Comme il connaît note par note les 200 cantates de Jean-Sébastien Bach, dont le portrait, encadré telle une photo de famille, est exposé dans son entrée. Comme il connaît mot à mot Les Grandes Espérances, de Charles Dickens, au point d'avoir consacré trois années de son existence d'écrivain à la rédaction de plus de 600 pages fulgurantes sur ce chef-d'œuvre qui l'envoûte. Un exploit dont son éditeur et ami Paul Otchakovsky-Laurens n'est toujours pas remis. "Il n'en voyait jamais arriver la fin. Il avait peur que je m'y engloutisse définitivement", confie Belletto, rescapé de l'océan Dickens. Crainte justifiée lorsqu'on se plonge dans ce flux magistral et singulier, salué unanimement lors de sa parution en 1994.
Si l'obsession est la marque de fabrique des écrivains, Belletto en est un irréfutable spécimen. A la manière de Nathalie Sarraute, il peut déclarer: "Toute ma vie, je n'aurai vécu que pour une idée fixe." Celle de ne s'incarner que par les mots, dans leur rythme. Cramponné à sa conviction violente que la vie n'est pas faite pour les natures fragiles et qu'écrire, pour lui, est le seul moyen de ne pas dévisser. Belletto appartient à la tribu des tourmentés magnifiques, les Dostoïevski, Chandler, Cioran - autre frère de Bach - ou le Portugais Lobo Antunes, auquel l'unit une fascination pour le peintre Vélasquez. Chacun de ceux-là écrit pour se débarrasser de ses hantises, ou, comme l'exprime Lobo Antunes, pour "structurer son délire". Sachant bien que c'est en vain.
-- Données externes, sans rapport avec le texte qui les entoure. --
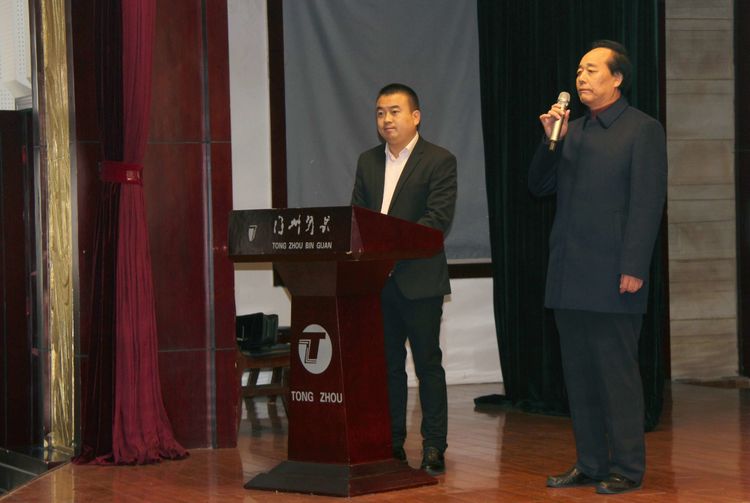 刘顺虎：远瞻红日染秋色 近看墨翁画腊梅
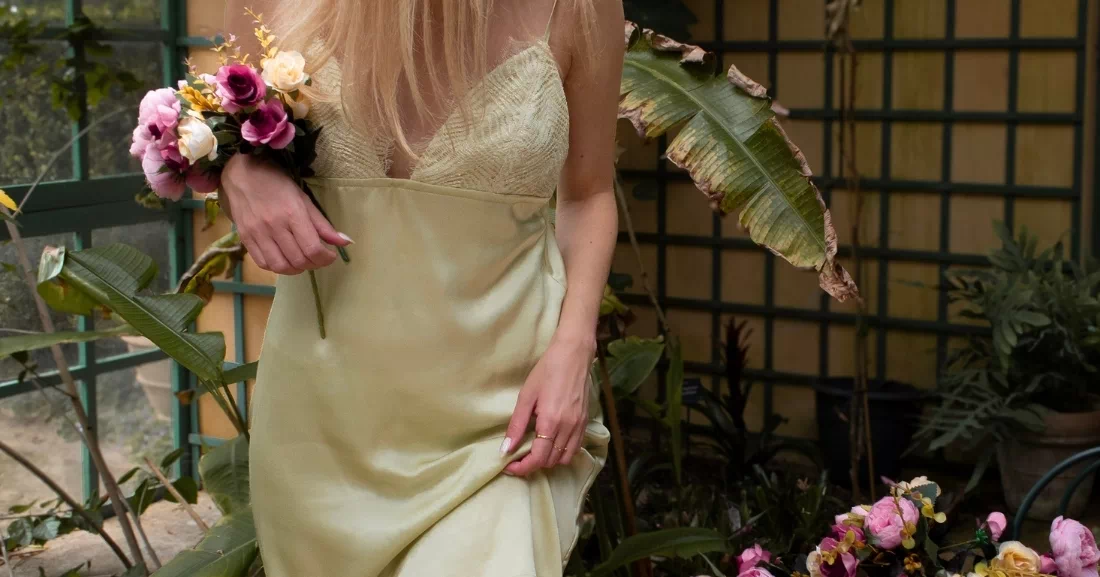 Femme portant une nuisette en soie et dentelle de Calais-Caudry Gaïanne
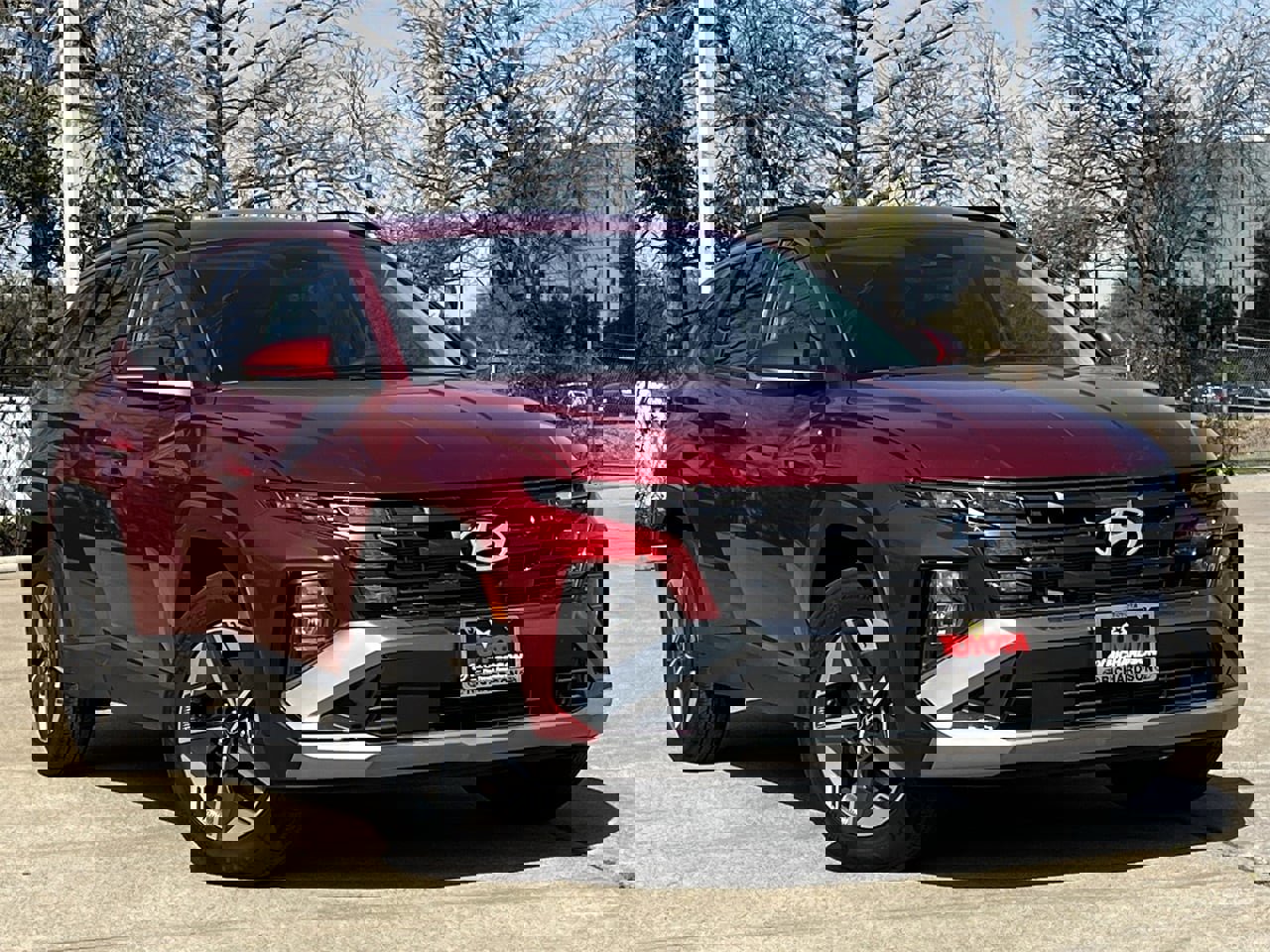 Used 2025 Hyundai Tucson SEL image 2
Mourir, le Belletto nouveau, ne renie pas cette profession de foi. Pour faire le "pitch", même Ardisson, jugé pourtant par Belletto "virtuose en la matière", se perdrait dans le labyrinthe de cette fiction fragmentée. Mourir se présente comme le puzzle désassemblé de quelques livres aînés, L'Enfer, La Machine, Histoire d'une vie. "Dans Mourir, dit-il, j'entends roman, j'entends amour." Une indication qui oriente le lecteur autant qu'elle l'égare. Par là, René Belletto reste fidèle au double "je" de son double jeu. Encore gagné!